O centrocampista de 24 anos, que voltou a ser convocado para representar a Itália, assume que nos primeiros três meses da penalização sentiu “verdadeiras dificuldades” para lidar com a situação. “Nunca estive sozinho”, garante Tonali que treinou à parte da equipa que ficou em sétimo lugar da Premier League na última época.
Só as grandes penalidades quebraram a prepotência da igualdade (1-1) na eliminatória entre o Newcastle e o Nottingham Forest. Sandro Tonali foi titular e quase conseguiu marcar. Não foi capaz de empolar o regresso com um golo mesmo que se tenha visto frente a frente com Carlos Miguel, o brasileiro que zela pela segurança das redes das tricky trees. Esse momento, como tantos outros que a transmissão televisiva embrenhou em coordenadas geográficas por todo o globo, teve como pano de fundo a publicidade a uma… casa de apostas.
Robbie Jay Barratt - AMA
Os painéis publicitários contornam o relvado alternando nas marcas que exibem. Quem investe para ter a sua marca a piscar nos limites do campo anseia que os melhores momentos do encontro – aqueles que integram os resumos que passam incessantemente nas estações televisivas e que são cortados em vídeos de poucos segundos difundidos pelas redes sociais – aconteçam quando o anúncio pelo qual pagaram estiver a ser exibido. Inevitavelmente, devido à omnipresência, as casas de apostas são o emplastro de muitos lances mesmo que a promoção do vício contamine até jogadores de futebol como Tonali. Na memória recente dos ingleses está também o caso de Ivan Toney, avançado do Brentford que foi castigado devido a apostas.

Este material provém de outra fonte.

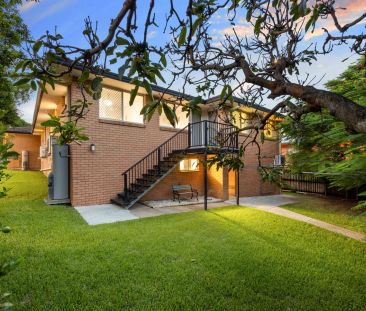 Spacious 2-Bedroom Unit in Prime Coorparoo Location - Photo 2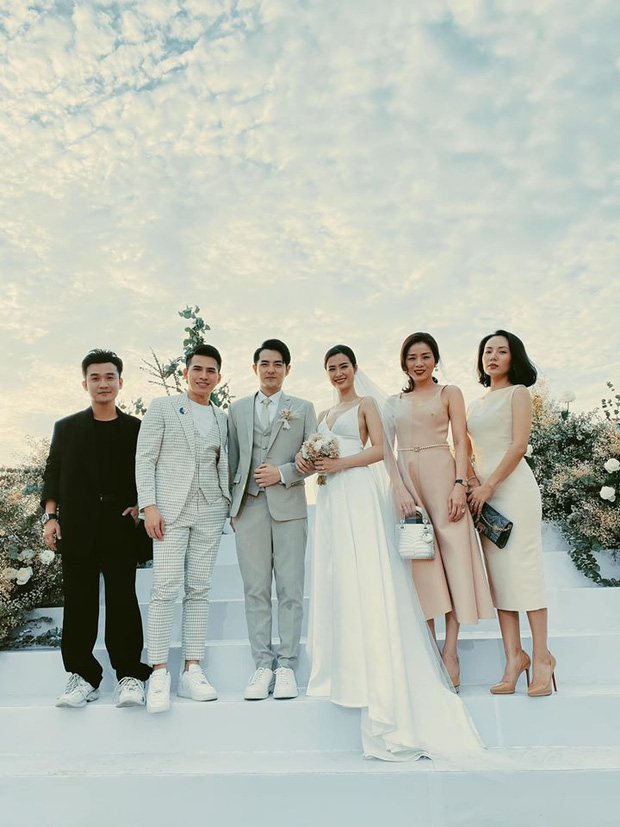 Cập nhật: 200 sao Việt xúng xính váy áo dự đám cưới đẹp như mơ của Đông Nhi - Ông Cao Thắng - Ảnh 8.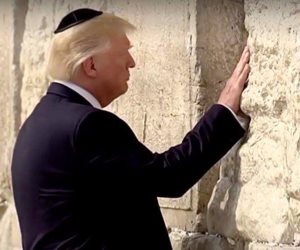 ترامب وعائلته يزورون حائط البراق (صور) 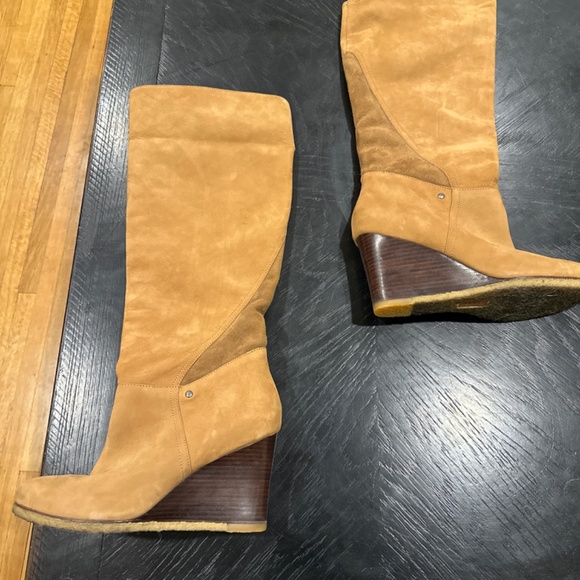 UGG Knee High Boots Size 9.5 US - Picture 5 of 8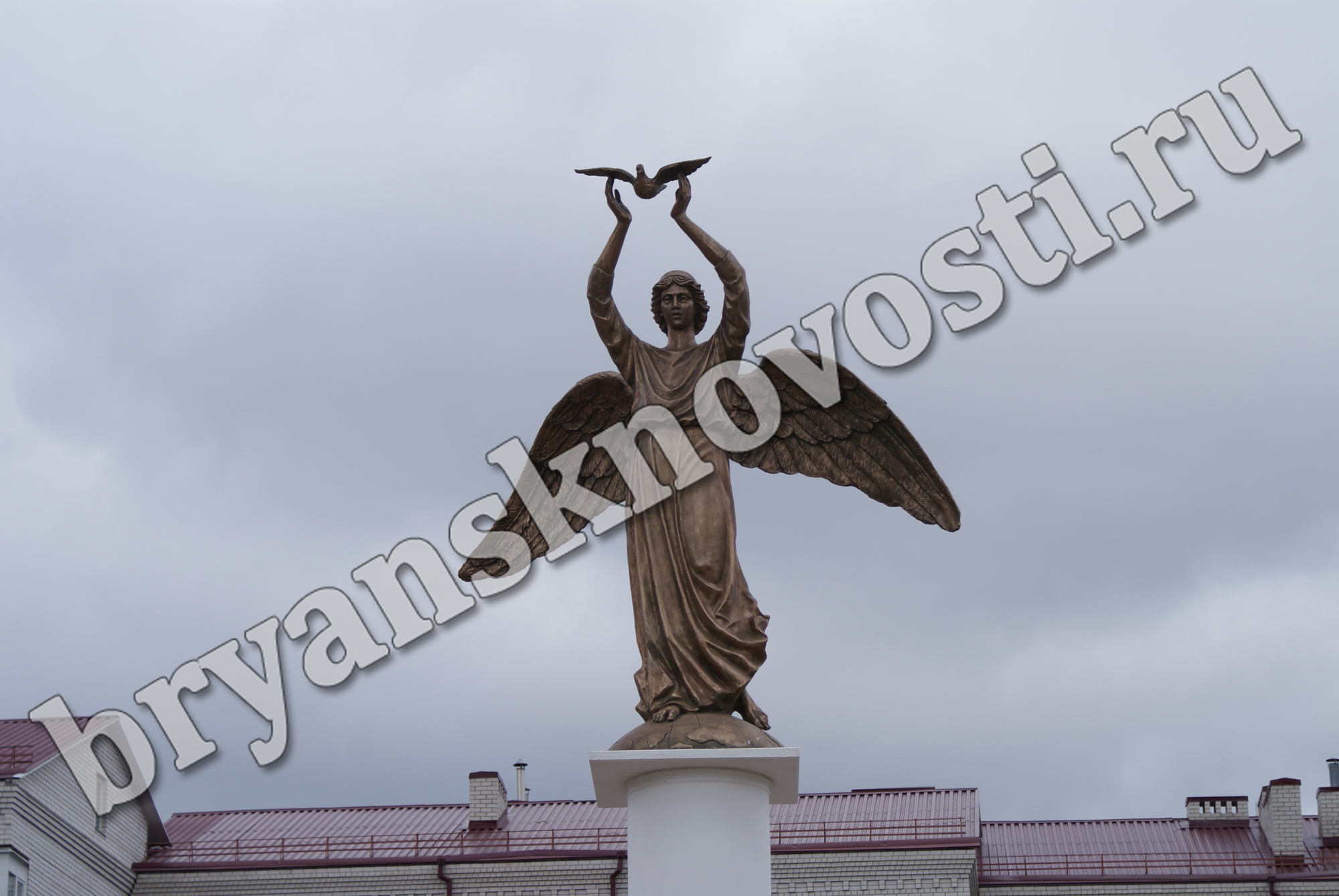 В Новозыбкове после работ по благоустройству открыли обновленный сквер у «Доброго ангела мира»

Este ainda é um caso em que a publicidade a casas de apostas fica fora das quatro linhas. Noutros, a propaganda consegue acesso VIP ao relvado por intermédio das camisolas dos jogadores. Na edição 2024/25 da Premier League, 11 dos 20 clubes têm casas de apostas a ocupar-lhes a parte frontal do equipamento. Porém, em abril de 2023, a Liga Inglesa anunciou que os emblemas que a compõem acordaram pôr fim aos patrocínios a casas de apostas nas camisolas a partir de 2026/27.
Em Portugal, 13 das 18 equipas da Primeira Liga carregam na camisola estampagens de casas de apostas, além de que o próprio nome do campeonato inclui uma empresa que atua na mesma indústria. Segundo o que o Instituto Português do Desporto e Juventude divulgou à agência Lusa, as apostas desportivas valeram 67 milhões de euros à federações desportivas nacionais em 2023.